Het kasteel van Wissekerke is in een 8 hectare groot park gelegen met daarin een ruime vijver waarover een smeedijzeren hangbrug ligt. De ingang van het park wordt door de ingangspoort gedomineerd. Deze geeft op het zuidoosten van het dorpsplein uit. De twee vierkanten baksteenwoontorens in 1832-33 gebouwd, telt twee bouwlagen. Boven de ingangspoort hangt het wapenschild van de families Vilain XIIII en de Feltz. Aan weerszijden van de torens grote schietgaten als versiering in de muur. De gekartelde omheining loopt everzijds langs de polderweg tot aan de parkvijver, anderzijds loopt hij door tot tegen de “Eenhoorn”. Ook tegen het “Klein Kasteeltje” is een dergelijke muur aangebracht. Het geheel vormt een stemmingsvolle afsluiting van de dorpskom. De voormalige kasteeldreef, ten noorden van het park, mondt in de Kemphoekstraat uit. Op de plaats van het huidige kasteel van Wissekerke stond reeds in 10e eeuw een burcht, die deel uitmaakte van de versterkingsgordel aan de Scheldeoever. In 1238 legde Raas van Basele de funderingen van het nieuwe versterkt kasteel dat in 1510 verkocht werd aan Lieven van Pottelsberghe. In 1562 wordt een kapel in het kasteel ingericht. In 1583 brandde het gedeeltelijk af en in 1590 gebeurden verschillende verbouwingswerken. In 1803 hebben verbouwingswerken plaats, de wal werd met aarde opgevuld die uit de dreef werd aangebracht (vandaar haar diepe ligging) en ook uit het park werd aarde aangevoerd, hierdoor vergrootten de vijvers. Nadien gebeurden er nog verschillende verbouwingswerken aan het kasteel. In het park, met Engelse aanleg, bevinden zich een reeks bakstenen hoevegebouwen. Merkwaardig is vooral de ronde bakstenen duiventoren die kegelvormig was afgedekt. Om de twee delen van het park te verbinden werd speciaal een smeedijzeren hangbrug gemaakt.

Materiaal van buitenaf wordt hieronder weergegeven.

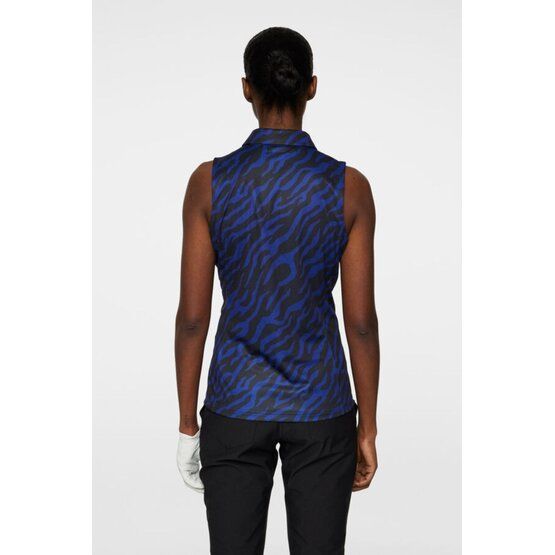 J.Lindeberg Dena Print Sleeveless Top ohne Arm Polo blau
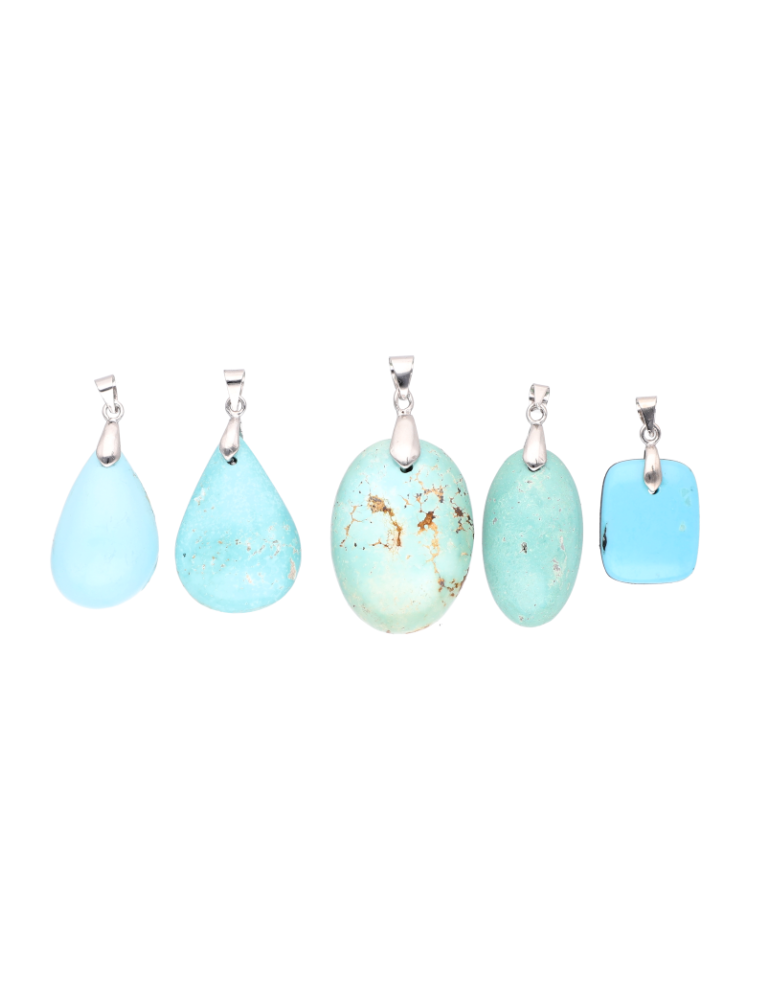 Pendentif turquoise A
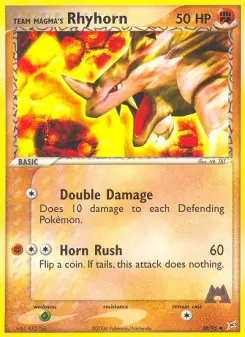 Pokémon-Karte Team Magmas Rihorn 038/095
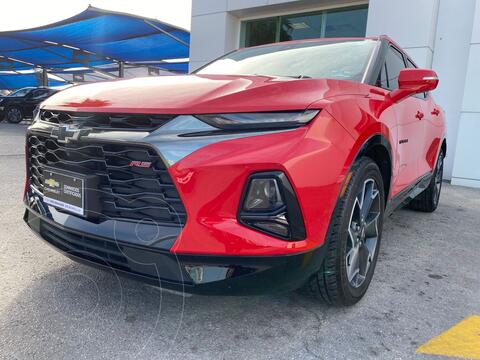 Chevrolet Blazer Piel usado (2019) color Rojo financiado en mensualidades(enganche $180,000 mensualidades desde $18,490)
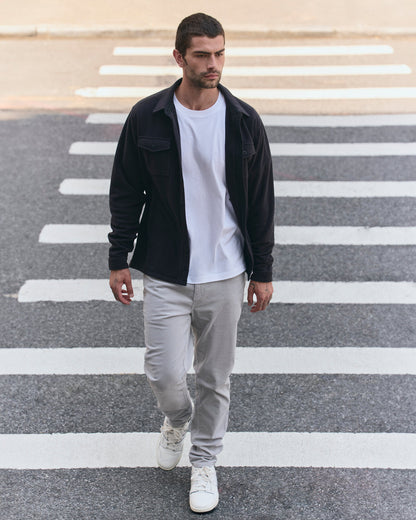Optimist 5 Pocket Cord Pant Athletic Slim Fit Amethyst Grey - Vuori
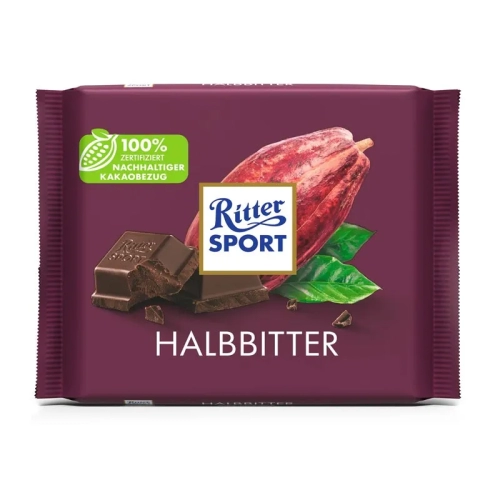 شکلات نیمه تلخ ریتر اسپورت Ritter Sport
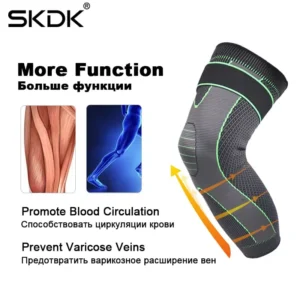 360 Strong Full Compression Knee Support With Strap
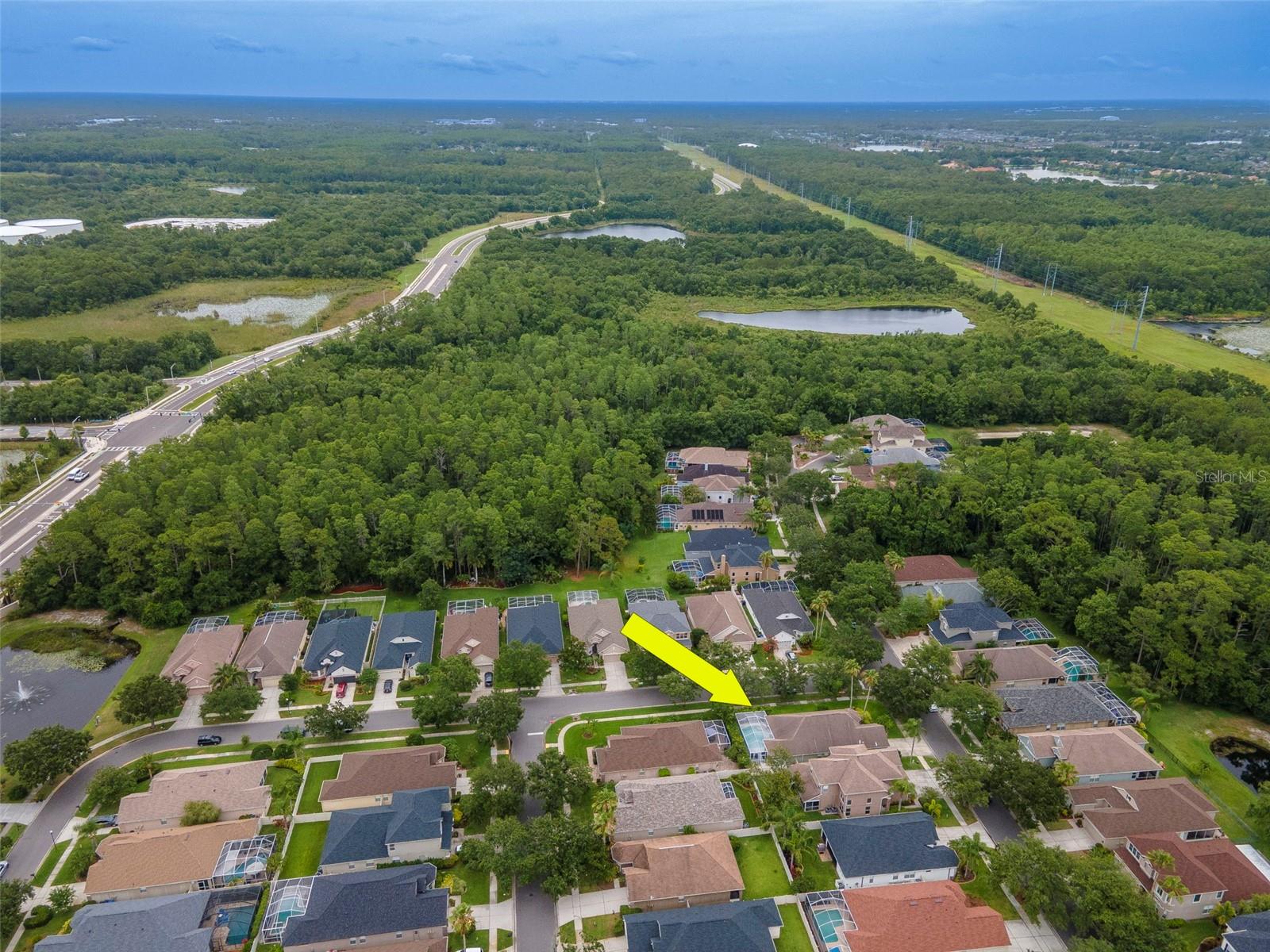 Aerial View of the neighborhood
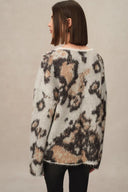 Elsie Leopard Print Sweater in Baby Alpaca Blend Knit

  • Kabinetskaart van de Oostenrijkse Nederlanden voor Zijn Koninklijke Hoogheid de Hertog Karel Alexander van Lotharingen, Jozef Jean François de Ferraris, Koninklijke Bibliotheek van België, uitgegeven in 1770-1778, schaal 1:11.520 herleid naar 1:25.000.

Bron: Ankerplaats 'Polder van Kruibeke, Bazel en Rupelmonde'. Landschapsatlas, A40024, Agentschap Onroerend Erfgoed, Brussel.
Datum:
De tekst wordt ter beschikking gesteld door: Agentschap Onroerend Erfgoed (AOE)


Je kan deze tekst citeren als: Inventaris Onroerend Erfgoed 2024: Polder van Kruibeke, Bazel en Rupelmonde [online], https://id.erfgoed.net/teksten/162738 (geraadpleegd op ).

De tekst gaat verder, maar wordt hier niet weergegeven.